1991-2002 yılları arasında Cezayir’de yaşanan iç savaşta herkes asıl meselenin Fransız destekli baskıcı rejim ile o dönem Cezayir’de etkin olan FIS (İslami Selamet Cephesi) ve ilerleyen süreçte GIA (Silahlı İslami Grup) arasındaki sıradan bir iktidar anlaşmazlığından ibaret olduğunu zannetmekteydi. Cezayir’de yaşanan iç savaş da Cezayir sınırlarında kalmalı ve başka kimsenin ilgilenmesine fırsat verilmemeliydi. İlgilenmekten menolunan “ümmet” bakiyesinin gözleri önünde Fransızlar iş birlikçileriyle birlikte yüz binlerce Cezayirlinin kanına giriyor köylerinin, beldelerinin ocaklarını söndürüyordu.

2000’li yılların ortalarından itibaren Irak’ta yaşanan kaos ve kargaşada sorunun mezhepler arasındaki anlaşmazlık ve çatışmalar olduğu yönünde propagandalar yayıldı. Rafızîler, kadim müttefikleri olan Haçlılarla beraber Irak’ta anarşi ve katliamları yaşamın rutini hâline getirmişlerdi. Ülkeyi kasıp kavuran bu necis iş birliğiyle ilgili hakikatleri göremez ve okuyamazdınız medya organlarında. Zira uluslararası siyonizm güdümündeki medya organlarının “Irak’ta yaşananlar sadece Iraklıları ilgilendirir!” propagandası oldukça etkiliydi. Bu yaygaralara kanan dünya, Irak’taki tarif edilemez vahşet karşısında kör, sağır ve dilsiz kalmıştı.

Ocak 2011’de Suriye’de vampir Nusayrî rejimine karşı başlayan gösteriler ve sonrasında ancak İsrâîl’in yapabileceği varsayılan katliamların sadece Nusayrî rejimi ile oradaki halk arasında cereyan eden bir sorun olduğu propagandası yapıldı yıllarca. Bu propagandanın yapılmasının yegane nedeni Suriye dışında yaşayan ve kendilerini İslam’a nispet eden kitlelere, “Sizin Suriye’de yaşananlarla ilginiz yok!” mesajı verilmesiydi. Günümüz Suriye tağutunun tağut babası da 1982 yılında Hama’da İran’ın o dönemki Rafızî liderliğinin desteğiyle on binlerce mazlumu katlettiğinde yine aynı mesajla “tedavi” edilmişti “ümmet-i mevta!”.

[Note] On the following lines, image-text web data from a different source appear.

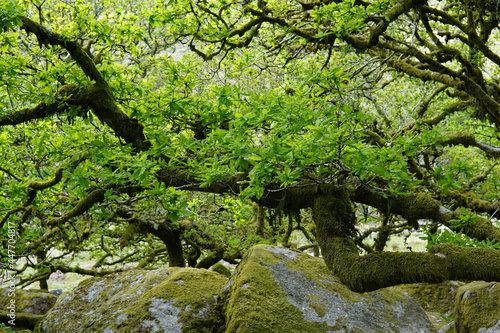 Twisted ancient oaks in Wistmans wood. The West Dart Valley. Dartmoor national park, Devon, England, UK photo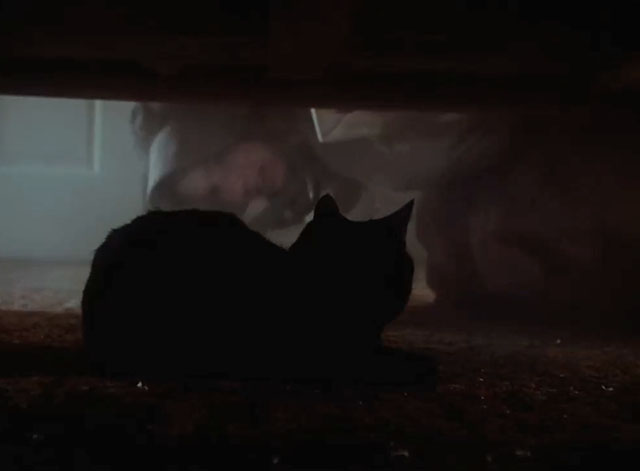 Little House on the Prairie - Days of Sunshine, Days of Shadows Part Two - black cat crouching under bed with Laura Melissa Gilbert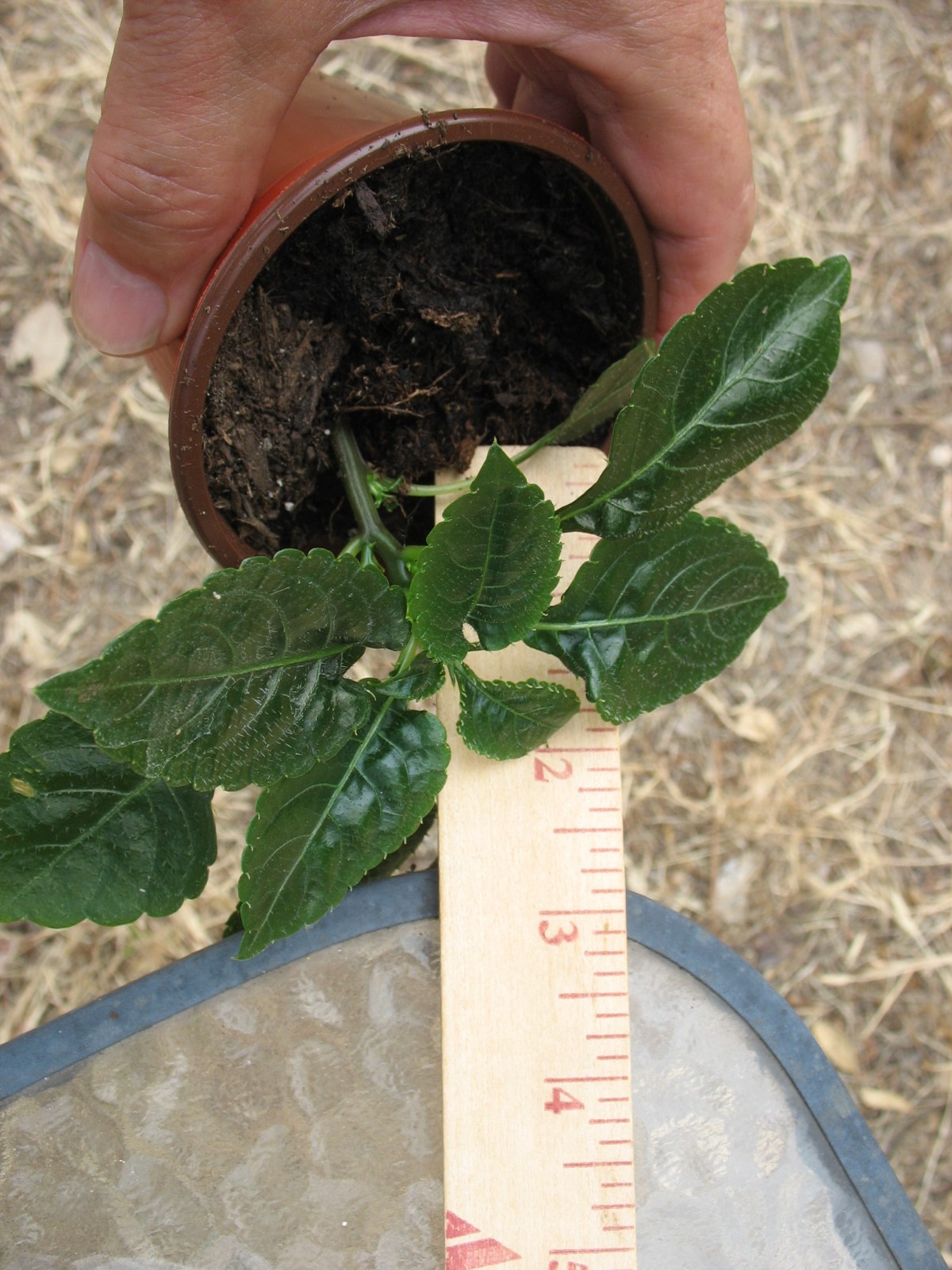 Impatiens Niamniamensis (African Queen ) starter plant 3.5″ pot #4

Temmuz 2013’te Mısır’da yapılan darbenin sebebi olarak ülkede seçimle işbaşına gelen İhvan hükûmeti ile seçimle de olsa iktidarı kaybeden laik siyaset, ordu ve sermaye çevreleri arasındaki husumetten kaynaklanmış olabileceğiyle ilgilendi herkes yıllarca.[1] Meselenin aslında ne olduğuna dair insanların çoğunun net bir fikri yoktu. Çünkü bugün mazlumların üzerine binlerce ton bomba yağdıran siyonistlerin doğrudan veya dolaylı kontrolünde veya etkisinde olan küresel ve yerli siyonist medya organları zihinlere terabayt terabayt algı bombaları yağdırıyordu. Karışan ve karıştıran onlarken İslam coğrafyasında yaşayan halklar başta olmak üzere dünyanın geri kalan kısmına, “Bu meseleler sizi ilgilendirmez!” denilerek gardı düşürüldü.

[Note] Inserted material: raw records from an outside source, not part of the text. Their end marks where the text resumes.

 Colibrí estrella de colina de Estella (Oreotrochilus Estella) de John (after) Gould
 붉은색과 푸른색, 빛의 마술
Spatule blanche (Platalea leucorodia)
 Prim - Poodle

2011 yılında Libya’da patlak veren iç savaş… Libya’da hükûmet karşıtı protesto gösterileriyle başlayıp sonrasında gerçek anlamıyla bir iç savaşa dönüşmüş olan olayların da Libyalılar dışında kimseyi ilgilendirmediğine inandırılmak istendi milyarlarca insan.

Aynı dönemde Tunus’taki olayların da Tunus halkı ile yönetimin kendi aralarındaki birtakım anlaşmazlık ve ihtilaflar olduğuna ikna edilmeye çalışıldı kitleler. Bu meselelerin başkalarını ilgilendirmediği yönünde telkinlerde bulunuldu.

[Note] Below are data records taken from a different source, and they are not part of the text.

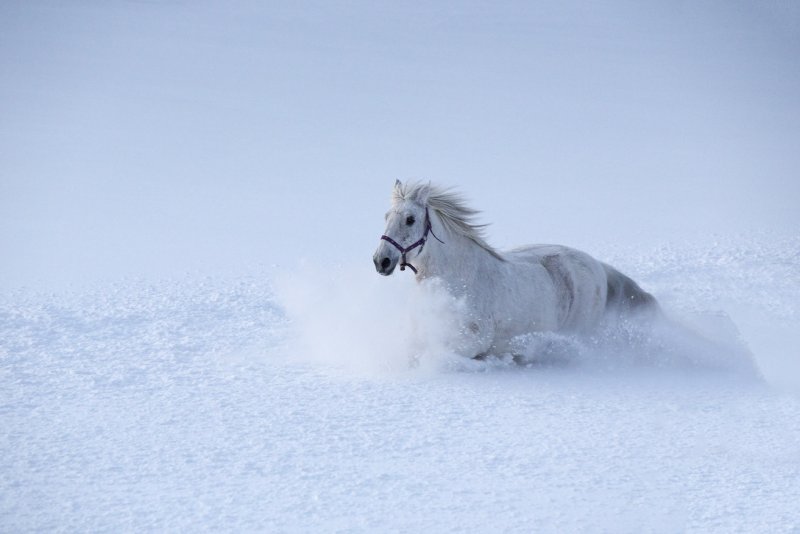 Лошади снег Эстетика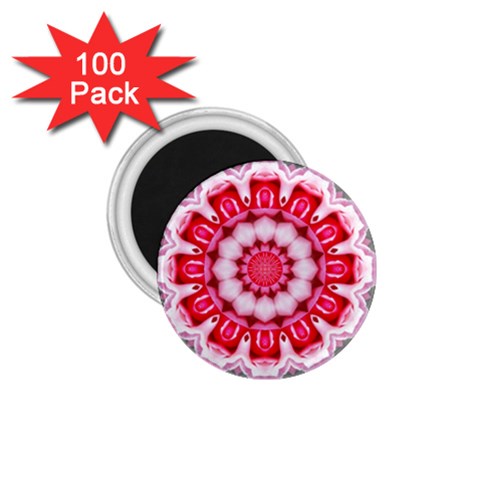 Red Roses 1.75  Magnet (100 pack)  from ArtsNow.com Front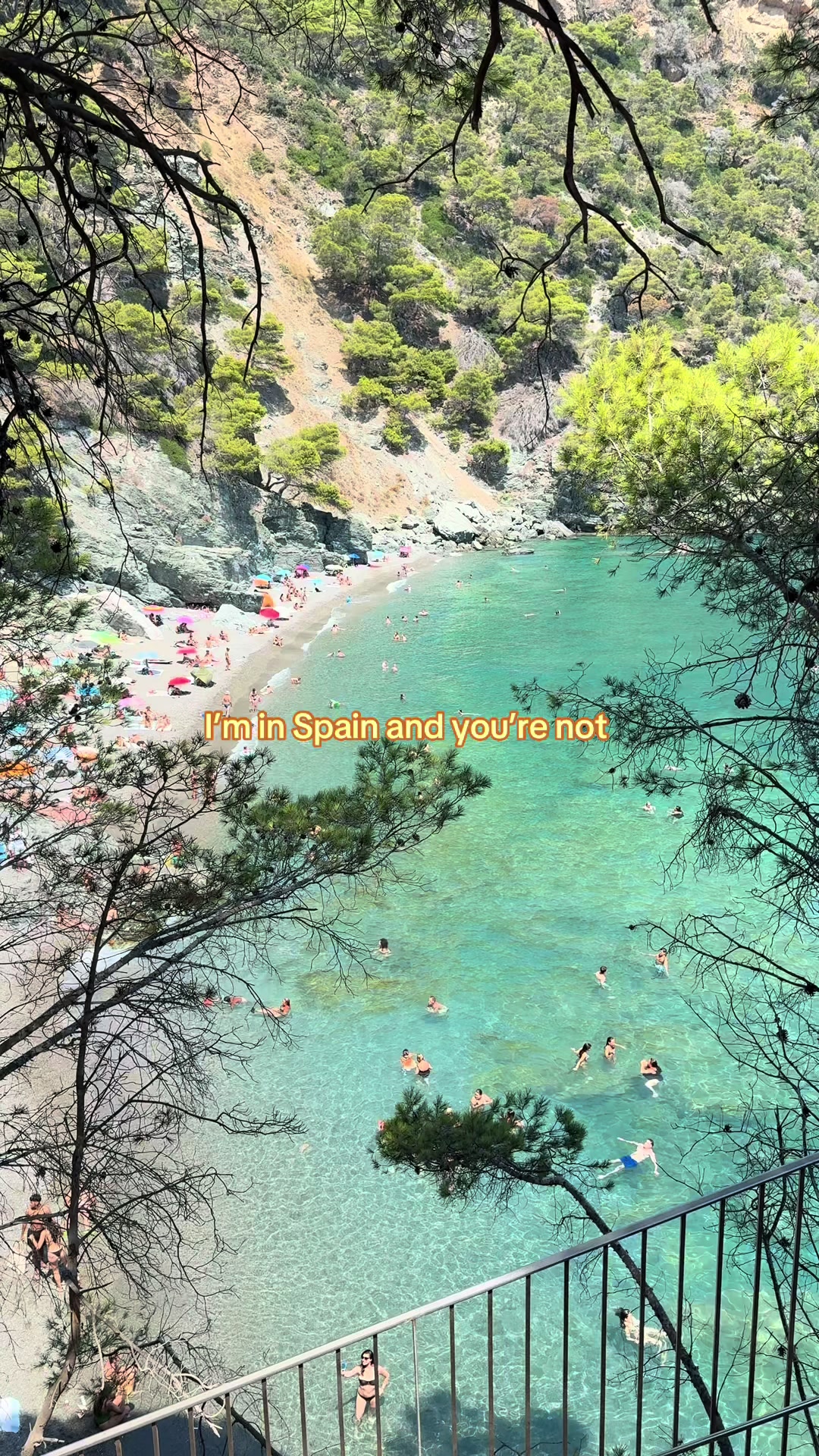 @ᴅɪᴀɴᴀ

2016 yılında Rafızî ve Kürt güçlerinin kara gücü olarak kullanıldığı operasyonlar öncesinde ABD öncülüğündeki Haçlı ordularının savaş uçaklarıyla yaptığı halı bombardımanlarıyla içinde yaşayan on binlerce sivilin üzerine ölüm yağdırarak katliama tabi tutup Musul’u yerle yeksan ettiklerinde de kimseden ses çıkmamıştı. Zira daha öncesinden zihinler ve kalpler uluslararası medya ve yereldeki iş birlikçilerinin yoğun dezenformasyonuyla “Bu işten bize ne!” moduna alınmıştı.

Beldeler bize uzak olsa da hiçbiri bize ırak değildi, olamazdı da. İslâm coğrafyasında yapay sınırlara hapsedilen her bir topluluk bu türden telkinler ve propagandalarla sınırlarının ötesindeki olaylar ve gelişmeler karşısında ortak duyarlılıkla refleks geliştirme yeteneğini büyük ölçüde kaybederek yerinden kımıldayamaz hâle getirilmiş ve âdeta felç olmuştu.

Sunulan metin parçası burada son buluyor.